PROBLEM TO WORK ON » The expected result is the full set of records, copied precisely, with images dropped.

SOURCE MATERIAL »
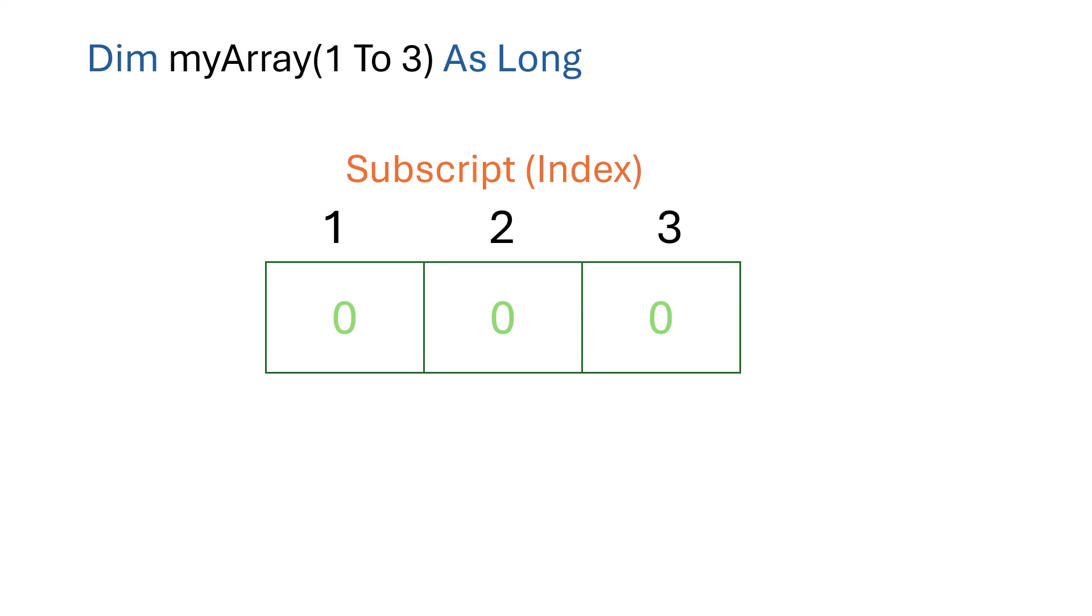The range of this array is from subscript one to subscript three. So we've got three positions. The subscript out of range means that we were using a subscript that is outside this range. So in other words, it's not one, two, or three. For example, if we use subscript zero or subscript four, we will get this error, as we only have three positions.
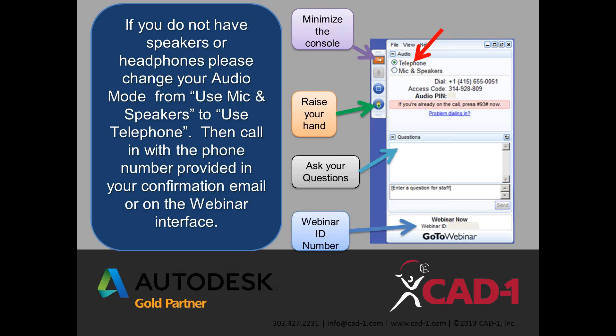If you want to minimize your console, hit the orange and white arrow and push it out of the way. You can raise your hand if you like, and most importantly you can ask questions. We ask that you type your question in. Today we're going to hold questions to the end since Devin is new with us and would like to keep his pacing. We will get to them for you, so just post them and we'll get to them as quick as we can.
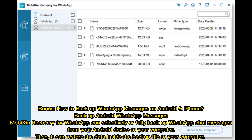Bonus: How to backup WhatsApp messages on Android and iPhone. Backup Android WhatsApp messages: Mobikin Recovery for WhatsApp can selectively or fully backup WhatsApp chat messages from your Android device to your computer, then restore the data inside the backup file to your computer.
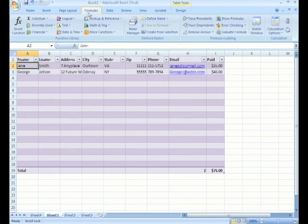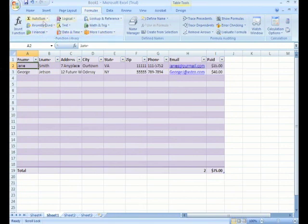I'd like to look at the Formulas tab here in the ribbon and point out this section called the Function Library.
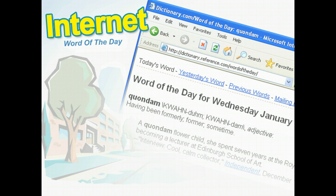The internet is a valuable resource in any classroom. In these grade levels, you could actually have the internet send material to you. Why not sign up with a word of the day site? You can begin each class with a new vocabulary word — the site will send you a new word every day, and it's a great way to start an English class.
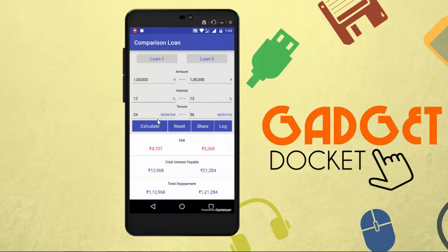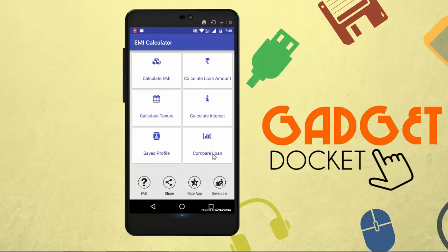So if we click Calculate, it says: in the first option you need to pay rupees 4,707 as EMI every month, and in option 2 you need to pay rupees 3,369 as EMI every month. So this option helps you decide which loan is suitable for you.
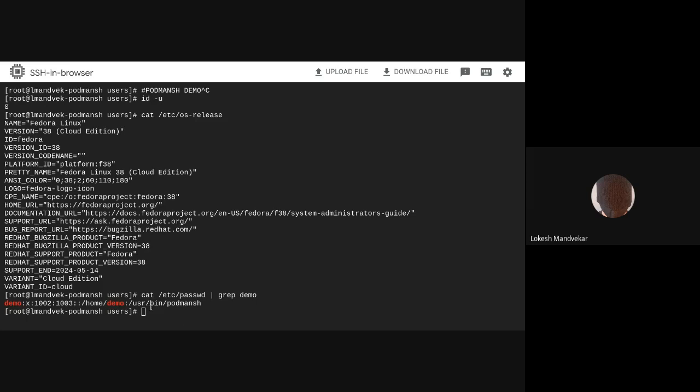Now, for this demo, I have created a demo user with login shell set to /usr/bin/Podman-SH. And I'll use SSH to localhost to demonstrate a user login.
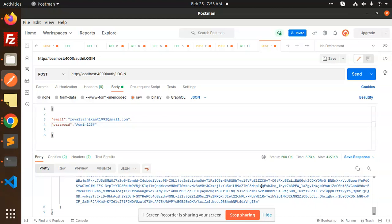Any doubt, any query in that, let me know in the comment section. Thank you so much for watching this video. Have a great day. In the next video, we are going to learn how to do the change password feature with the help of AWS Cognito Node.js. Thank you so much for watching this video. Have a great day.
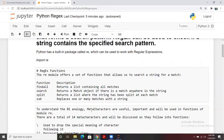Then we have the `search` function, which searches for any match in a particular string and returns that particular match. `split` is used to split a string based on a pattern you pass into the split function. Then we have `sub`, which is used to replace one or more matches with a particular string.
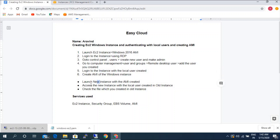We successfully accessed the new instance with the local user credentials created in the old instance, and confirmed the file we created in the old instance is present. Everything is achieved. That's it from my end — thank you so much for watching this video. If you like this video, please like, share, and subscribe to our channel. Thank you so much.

ANSWER TO THIS EXERCISE »
The range of this array is from subscript one to subscript three. So we've got three positions. The subscript out of range means that we were using a subscript that is outside this range. So in other words, it's not one, two, or three. For example, if we use subscript zero or subscript four, we will get this error, as we only have three positions.
If you want to minimize your console, hit the orange and white arrow and push it out of the way. You can raise your hand if you like, and most importantly you can ask questions. We ask that you type your question in. Today we're going to hold questions to the end since Devin is new with us and would like to keep his pacing. We will get to them for you, so just post them and we'll get to them as quick as we can.
Bonus: How to backup WhatsApp messages on Android and iPhone. Backup Android WhatsApp messages: Mobikin Recovery for WhatsApp can selectively or fully backup WhatsApp chat messages from your Android device to your computer, then restore the data inside the backup file to your computer.
I'd like to look at the Formulas tab here in the ribbon and point out this section called the Function Library.
The internet is a valuable resource in any classroom. In these grade levels, you could actually have the internet send material to you. Why not sign up with a word of the day site? You can begin each class with a new vocabulary word — the site will send you a new word every day, and it's a great way to start an English class.
So if we click Calculate, it says: in the first option you need to pay rupees 4,707 as EMI every month, and in option 2 you need to pay rupees 3,369 as EMI every month. So this option helps you decide which loan is suitable for you.
Now, for this demo, I have created a demo user with login shell set to /usr/bin/Podman-SH. And I'll use SSH to localhost to demonstrate a user login.
Any doubt, any query in that, let me know in the comment section. Thank you so much for watching this video. Have a great day. In the next video, we are going to learn how to do the change password feature with the help of AWS Cognito Node.js. Thank you so much for watching this video. Have a great day.
Then we have the `search` function, which searches for any match in a particular string and returns that particular match. `split` is used to split a string based on a pattern you pass into the split function. Then we have `sub`, which is used to replace one or more matches with a particular string.
We successfully accessed the new instance with the local user credentials created in the old instance, and confirmed the file we created in the old instance is present. Everything is achieved. That's it from my end — thank you so much for watching this video. If you like this video, please like, share, and subscribe to our channel. Thank you so much.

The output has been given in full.